Content starts

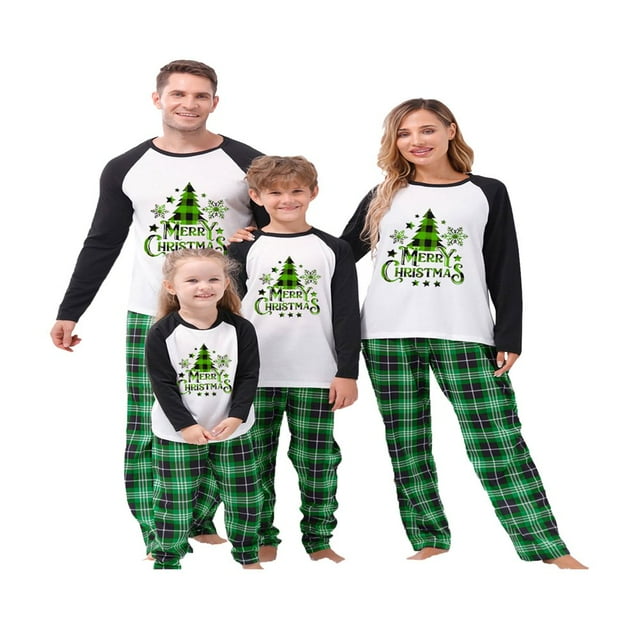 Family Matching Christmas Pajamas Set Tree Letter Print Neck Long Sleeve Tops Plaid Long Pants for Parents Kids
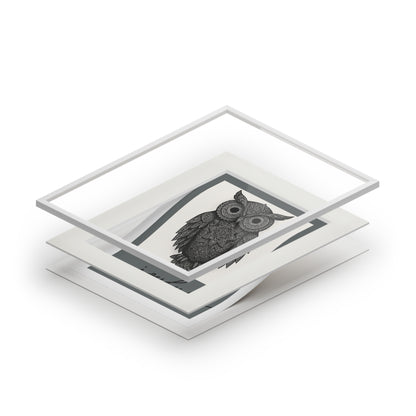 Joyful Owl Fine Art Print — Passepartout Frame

Content ends
Content starts

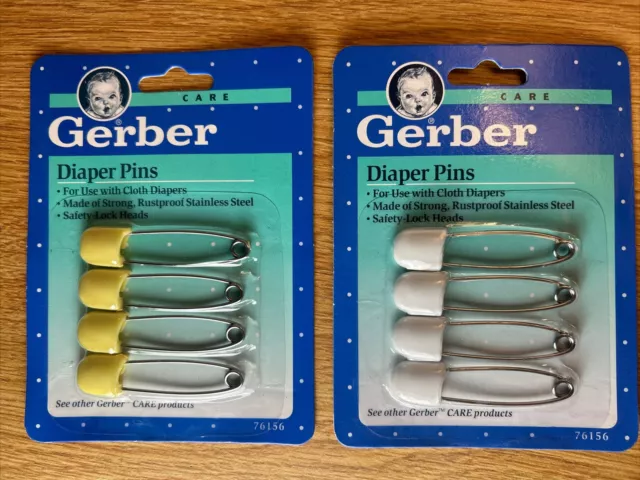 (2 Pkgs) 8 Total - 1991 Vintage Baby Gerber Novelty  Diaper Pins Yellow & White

Content ends
Content starts

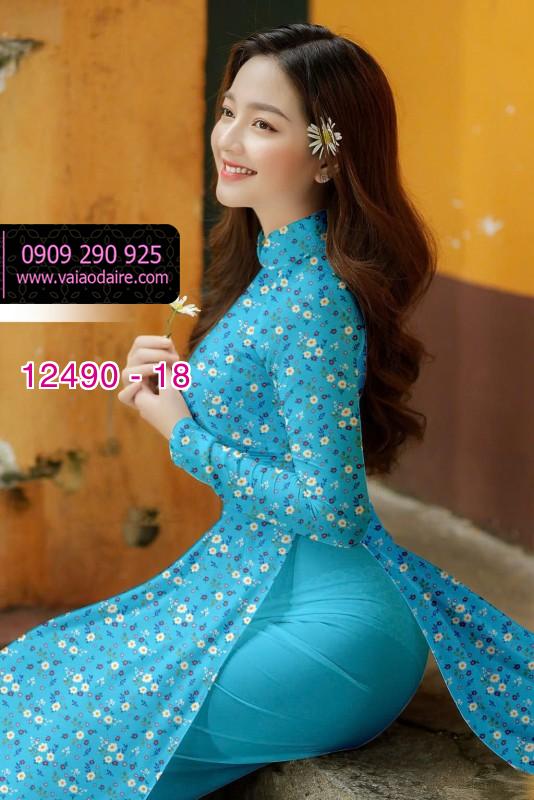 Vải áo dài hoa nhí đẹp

Content ends

WHAT YOU ARE ASKED TO DO:
Take the material above from the line containing "Family Matching Christmas" up to and including the line containing "Joyful Owl Fine" and retype it exactly, without any pictures.

COMPLETED TASK:
 Family Matching Christmas Pajamas Set Tree Letter Print Neck Long Sleeve Tops Plaid Long Pants for Parents Kids
 Joyful Owl Fine Art Print — Passepartout Frame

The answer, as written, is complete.